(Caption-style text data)
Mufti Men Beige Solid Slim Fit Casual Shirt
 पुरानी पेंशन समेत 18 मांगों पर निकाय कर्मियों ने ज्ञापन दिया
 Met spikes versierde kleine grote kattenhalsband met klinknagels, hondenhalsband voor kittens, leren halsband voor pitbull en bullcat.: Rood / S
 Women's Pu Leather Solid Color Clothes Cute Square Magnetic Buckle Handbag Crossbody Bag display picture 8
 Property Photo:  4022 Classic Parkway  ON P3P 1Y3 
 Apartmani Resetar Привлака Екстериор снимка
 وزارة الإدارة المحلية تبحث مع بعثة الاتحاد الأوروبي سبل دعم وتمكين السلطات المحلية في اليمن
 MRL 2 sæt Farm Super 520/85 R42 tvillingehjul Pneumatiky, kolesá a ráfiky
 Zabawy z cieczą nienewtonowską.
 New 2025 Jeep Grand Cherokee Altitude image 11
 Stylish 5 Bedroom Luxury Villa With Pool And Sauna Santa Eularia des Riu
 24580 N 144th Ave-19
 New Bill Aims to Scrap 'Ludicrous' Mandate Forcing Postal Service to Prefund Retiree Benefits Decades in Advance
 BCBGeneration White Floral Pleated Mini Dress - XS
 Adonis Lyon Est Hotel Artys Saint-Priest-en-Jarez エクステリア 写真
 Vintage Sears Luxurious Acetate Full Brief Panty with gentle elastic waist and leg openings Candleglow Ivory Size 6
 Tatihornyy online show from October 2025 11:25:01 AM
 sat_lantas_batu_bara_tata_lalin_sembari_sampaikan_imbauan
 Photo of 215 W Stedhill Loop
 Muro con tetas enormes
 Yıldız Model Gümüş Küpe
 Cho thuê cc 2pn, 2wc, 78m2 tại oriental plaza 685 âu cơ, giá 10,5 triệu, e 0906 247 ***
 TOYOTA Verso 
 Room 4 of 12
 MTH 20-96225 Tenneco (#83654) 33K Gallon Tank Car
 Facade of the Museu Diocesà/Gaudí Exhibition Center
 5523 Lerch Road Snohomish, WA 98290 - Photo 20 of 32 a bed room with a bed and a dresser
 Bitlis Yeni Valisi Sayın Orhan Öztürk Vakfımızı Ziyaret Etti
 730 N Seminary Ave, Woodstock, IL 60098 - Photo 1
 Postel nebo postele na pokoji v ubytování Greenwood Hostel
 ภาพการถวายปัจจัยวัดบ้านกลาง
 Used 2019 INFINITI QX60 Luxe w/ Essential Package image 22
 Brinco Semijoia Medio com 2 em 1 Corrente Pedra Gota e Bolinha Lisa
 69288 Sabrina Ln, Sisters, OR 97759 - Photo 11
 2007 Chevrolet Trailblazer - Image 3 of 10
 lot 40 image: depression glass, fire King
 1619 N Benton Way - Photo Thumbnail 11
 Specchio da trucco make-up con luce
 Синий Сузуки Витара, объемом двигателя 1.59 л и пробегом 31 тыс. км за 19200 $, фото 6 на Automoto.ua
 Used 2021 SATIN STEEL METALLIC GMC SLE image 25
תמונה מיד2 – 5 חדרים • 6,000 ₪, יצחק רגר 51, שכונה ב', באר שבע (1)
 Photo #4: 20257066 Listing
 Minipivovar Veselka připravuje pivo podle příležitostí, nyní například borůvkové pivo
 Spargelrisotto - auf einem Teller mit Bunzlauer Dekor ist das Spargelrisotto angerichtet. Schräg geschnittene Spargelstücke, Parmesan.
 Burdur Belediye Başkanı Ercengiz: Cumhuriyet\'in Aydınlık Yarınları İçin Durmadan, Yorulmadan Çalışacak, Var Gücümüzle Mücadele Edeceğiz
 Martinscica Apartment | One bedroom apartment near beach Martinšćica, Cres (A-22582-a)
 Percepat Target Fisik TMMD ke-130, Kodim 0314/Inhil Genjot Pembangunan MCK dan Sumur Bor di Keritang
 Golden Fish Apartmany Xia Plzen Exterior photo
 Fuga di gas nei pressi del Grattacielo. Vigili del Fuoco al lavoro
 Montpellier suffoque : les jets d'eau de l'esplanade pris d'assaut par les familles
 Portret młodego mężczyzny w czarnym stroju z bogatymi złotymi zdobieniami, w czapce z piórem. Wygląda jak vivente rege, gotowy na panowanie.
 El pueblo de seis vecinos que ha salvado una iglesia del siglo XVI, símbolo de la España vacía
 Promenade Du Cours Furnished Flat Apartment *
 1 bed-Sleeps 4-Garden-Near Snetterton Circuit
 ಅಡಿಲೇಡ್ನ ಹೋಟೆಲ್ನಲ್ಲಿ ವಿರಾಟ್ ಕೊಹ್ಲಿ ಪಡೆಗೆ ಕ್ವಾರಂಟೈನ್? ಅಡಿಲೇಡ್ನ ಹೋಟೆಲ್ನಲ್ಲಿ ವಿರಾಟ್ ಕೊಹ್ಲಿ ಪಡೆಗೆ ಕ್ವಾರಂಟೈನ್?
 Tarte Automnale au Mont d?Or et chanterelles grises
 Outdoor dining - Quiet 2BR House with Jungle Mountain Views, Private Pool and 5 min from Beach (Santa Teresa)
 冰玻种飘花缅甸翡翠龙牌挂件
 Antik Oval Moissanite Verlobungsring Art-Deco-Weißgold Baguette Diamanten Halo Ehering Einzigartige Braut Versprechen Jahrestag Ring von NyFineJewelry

__Assignment__
From the records above, retype only the lines starting at the line that contains "730 N Seminary" and ending at the line that contains "Photo #4: 20257066 Listing", both included.

__Answer section__
 730 N Seminary Ave, Woodstock, IL 60098 - Photo 1
 Postel nebo postele na pokoji v ubytování Greenwood Hostel
 ภาพการถวายปัจจัยวัดบ้านกลาง
 Used 2019 INFINITI QX60 Luxe w/ Essential Package image 22
 Brinco Semijoia Medio com 2 em 1 Corrente Pedra Gota e Bolinha Lisa
 69288 Sabrina Ln, Sisters, OR 97759 - Photo 11
 2007 Chevrolet Trailblazer - Image 3 of 10
 lot 40 image: depression glass, fire King
 1619 N Benton Way - Photo Thumbnail 11
 Specchio da trucco make-up con luce
 Синий Сузуки Витара, объемом двигателя 1.59 л и пробегом 31 тыс. км за 19200 $, фото 6 на Automoto.ua
 Used 2021 SATIN STEEL METALLIC GMC SLE image 25
תמונה מיד2 – 5 חדרים • 6,000 ₪, יצחק רגר 51, שכונה ב', באר שבע (1)
 Photo #4: 20257066 Listing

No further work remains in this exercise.